The P&L is not built with user formulas. It is generated automatically by the engine based on:

  • Variable types (Revenue, COGS, Opex, Staff, Tax, Assets, Liabilities).

  • Categories and subcategories assigned to variables.

  • Accrual logic from the timing engine.

For each period, Model Reef follows these steps:

1

Evaluate all variables

All defined variables are evaluated for the period.

2

Calculate accrual values

The engine calculates each variable's accrual value for that period based on timing rules.

3

Allocate to P&L lines

Accrual values are allocated to P&L lines according to variable type and category.

4

Aggregate results

Values are aggregated by category, subcategory and branch.

This means the P&L always reconciles correctly with the Balance Sheet and Cashflow Statement.


2. Standard P&L layout

The default P&L layout in Model Reef follows this sequence:

1

Revenue

  • All Revenue variables at accrual timing.

  • Broken down by category and branch where needed.

2

COGS (Cost of Goods Sold)

  • All COGS variables.

  • Typically direct costs of delivering revenue.

3

Gross Profit

  • Gross Profit = Revenue minus COGS.

  • Gross Margin can be viewed as a percentage of revenue.

4

Operating Expenses (Opex)

  • Opex variables that are not classified as Staff.

  • Grouped by category such as Marketing, Rent, Technology.

5

Staff Costs

  • Staff variables shown separately from other Opex.

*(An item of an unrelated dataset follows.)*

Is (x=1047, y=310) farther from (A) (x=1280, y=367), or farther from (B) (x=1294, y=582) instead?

  • Includes salaries, pension or super, payroll tax and other oncosts.

6

EBITDA

  • EBITDA = Gross Profit minus Opex minus Staff.

7

Depreciation and Amortisation

  • Non cash charges from Asset variables and any intangible asset logic.

8

EBIT

  • EBIT = EBITDA minus Depreciation minus Amortisation.

9

Interest Expense

  • From Liability variables based on loan balances.

10

EBT (Earnings Before Tax)

  • EBT = EBIT minus Interest Expense.

11

Tax Expense

  • Calculated via Tax variables using effective tax rates.

12

Net Profit After Tax (NPAT)

  • NPAT = EBT minus Tax Expense.

  • NPAT flows into retained earnings in the Balance Sheet.

You can customise the display via categories and custom reports, but this is the core logic.


3. Branch and consolidation behaviour

The P&L can be viewed at different structural levels:

  • Branch level

    • Shows only variables in that branch and its children.

    • Useful for store, division, entity or project level performance.

  • Parent branch and consolidated views

    • Show the sum of all enabled child branches.

    • Useful for group or total company performance.

Disabling a branch removes its contribution from consolidated P&L but does not delete its data.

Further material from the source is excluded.